I have seen many things in life. But this? This is beyond unbelievable. Surely I would’ve known if I had an identical twin. But I am the only child and the only manager in this building. No one should be allowed to sit in my desk, doing my work, imitating my style and borrowing my face. That woman right there? Not me. But when I look at her, it’s like I’m staring at a mirror. Staring at myself…

I launched forward angrily past my colleagues and stopped right before my workspace, where the imposter me focused on her work like it was her job.

“Who on earth are you?!” I ask in bewilderment and wait for her to respond. To stop typing. To look up. But she doesn’t, which makes me angrier.

“Why do you look exactly like me?” I ask but once again she does not respond. Before I get the chance to say anything else, one of my colleagues walk by. But they don’t just walk around me. They walk through me.

I feel paralyzed, like I can’t move, and memories hit me hard all at once. I see myself getting into the car and slamming the door, angry at my husband for his betrayal. Blinded by work I had not noticed him acting differently, but now with that mistress in our house, I don’t think twice before I slam onto the brakes. The car moves fast, and I want to leave the place as soon as possible. But tears suddenly blind my eyes, and for a long moment all I think about is the eight years of marriage torn apart by another woman. Or no, torn apart by him. How could he?

By the time I realize I no longer see where I’m going, it’s too late.

My car slams into the light post, sending my head hard against the wheel and knocking me out. When I awake all I see are my bloody hands and all I feel is the tearing pain in my body. My shoulders, my back, my head, my heart.

Strangely enough, I have the strength to push out the door and climb out. Even stranger, though - the crowd that formed around me are still peeking into the car. A man beside me is frantically talking into his phone, calling the emergencies over.

“It’s fine,” I tell him. “I’m not really hurt. It’s just my head.”

“54th highway, we need you right now!” The man continued, ignoring me. “I think she’s dead!”

My world stops and I look at my beaten car.

I am still inside.

My bloody body is motionless at the front seat, my head resting against the stirring wheel.

I look around. No one sees me.

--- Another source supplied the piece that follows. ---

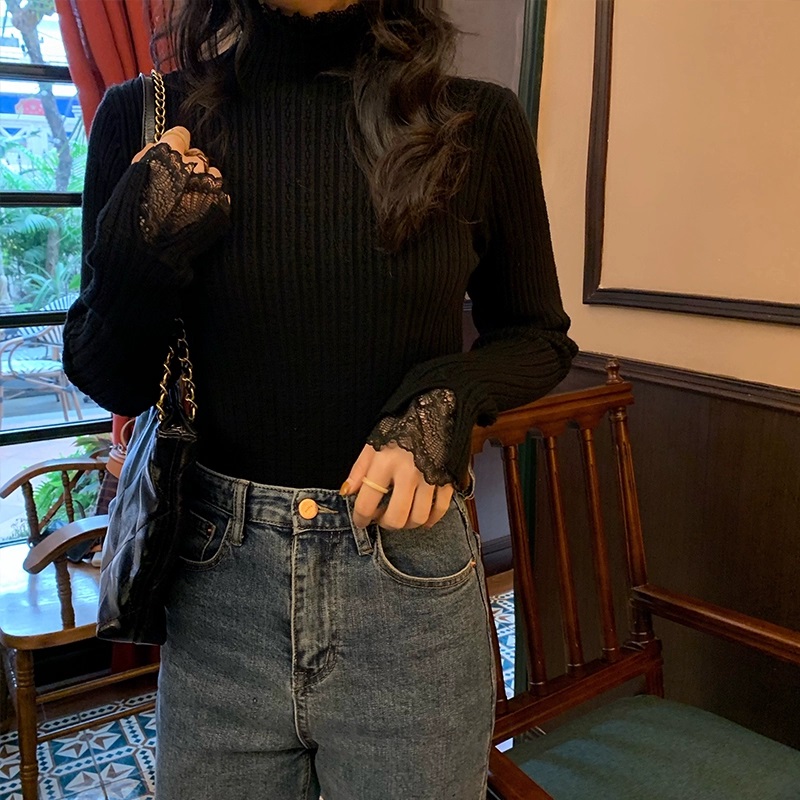 リブレースハーフネックスリムベルスリーブ長袖ニット | 詳細画像5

No one hears me. No one feels me. Am I really dead?

“You’re not,” a voice says. “Not yet. Do as we say, and you’ll get a second chance. As for now…”

Suddenly I am knocked out of consciousness and am standing in the office right now. People pass through me and speak to my copycat for advice. I stare at her.

The audacity to sit in my chair with a brave face.

“Do not worry,” the same voice that talked in the highway says. “You’ll get back to her. She’s you’re replacement while you’re gone. We need you elsewhere.”

“What does that mean?” I ask. “Who? Where?”

“You’ll find out,” the voice says. “Soon enough.”

And just like that I lose consciousness all over again, falling to the ground. Everything turns black.